I'm trying to access a second local variable on the current stack frame, located at (I think?) %rsp-8, since the first is located at %rsp. What I'd like to do is load the address at %rsp-8 into another register. Note that this means the address that's currently stored at rsp, and not the data at that address in memory.
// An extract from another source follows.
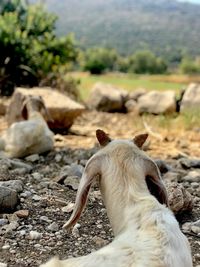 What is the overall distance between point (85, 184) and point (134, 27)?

Is it possible to do this without having to declare a separate register that stores the offset (or increments the current rsp)?

What I currently have:

...
    movq %rsp, %rsi             # Move the first address at rsp into rsi.
    leaq infmt, %rdi            # Load the input format string into rdi.
    movq $0, %rax               # Clear rax since it is a var-args procedure.
    call scanf
    movq %rsp, %rbx
    addq $8, %rbx
    movq %rbx, %rsi            # Move the next address at rsp into rsi.
    leaq infmt, %rdi           # Reload the input format.
    call scanf
...

What would be nice to have:

...
    movq %rsp, %rsi             # Move the first address at rsp into rsi.
    leaq infmt, %rdi            # Load the input format string into rdi.
    movq $0, %rax               # Clear rax since it is a var-args procedure.
    call scanf
    movq %rbx-8, %rsi           # Move the next address at rsp into rsi.
    leaq infmt, %rdi            # Reload the input format.
    call scanf
...

CodePudding user response：

You can add a value to a register with leaq using a displacement. Instead of this:

movq %rsp, %rbx
addq $8, %rbx
movq %rbx, %rsi

you can do this:

leaq 8(%rsp), %rsi

While this looks like a register dereference that would normally be used with movq, with leaq it just uses the value of %rsp and adds the displacement.

This can also be used with negative values, e.g. -8(%rsp) since you mentioned you needed %rsp-8.